Merkel policy criticized
The apparent security failings triggered renewed criticism of Chancellor Merkel's liberal refugee policy, which saw nearly 1 million people arrive in 2015.
The record arrivals of people fleeing war and poverty in the Middle East and Africa stoked the popularity of the anti-migrant, nationalist Alternative for Germany (AfD) party which has accused Merkel of putting the country at risk.
On Thursday, Bavaria's State Premier Horst Seehofer defended a statement he made hours after the Berlin attack in which he called for a review of Germany's migration policies.
"A responsible politician must also take a look at the consequences of such an event," the leader of the Bavarian Christian Social Union (CSU), the Bavarian sister party of Merkel's Christian Democratic Union (CDU), told the Funke media group.
The statement drew cross-party scorn, as Seehofer released it before authorities had even issued an official statement on the attack or provided information about the suspected perpetrator.
But even members within the chancellor's own CDU party criticized what they saw as the potentially dangerous shortcomings of the current system.
"Nationwide, there are a large number of refugees about whom we don't know where they're from or what their names are. And that's a potentially major security issue," said CDU member Klaus Bouillon, the interior minister of the state of Saarland.

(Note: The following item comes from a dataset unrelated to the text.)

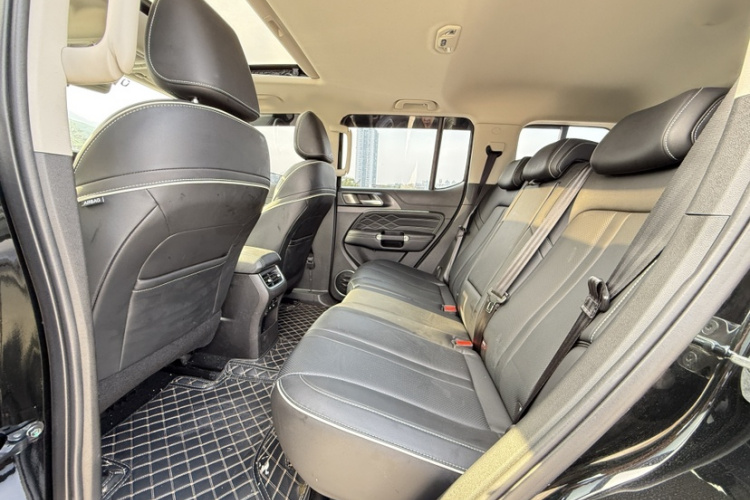 坦克300 2023款 2.0T 铁骑02中控内饰7006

Israeli, Italian victims identified
An Israeli woman who was reported missing in Berlin has been identified as one of the victims of the truck attack, an Israeli Foreign Ministry spokesman confirmed on Thursday.
The ministry identified her as Dalia Elyakim and said she was visiting the German capital with her husband, Rami. Her husband was seriously injured in the Christmas market attack and remains hospitalized. His condition is reportedly not life-threatening according to the ynet news portal.
Italian officials also confirmed later on Thursday that a 31-year-old Italian expat named Fabrizia Di Lorenzo was also among the victims.
At least one other foreign national died in the attack. The hijacked truck's Polish driver was found dead in the cab with gunshot and stab wounds.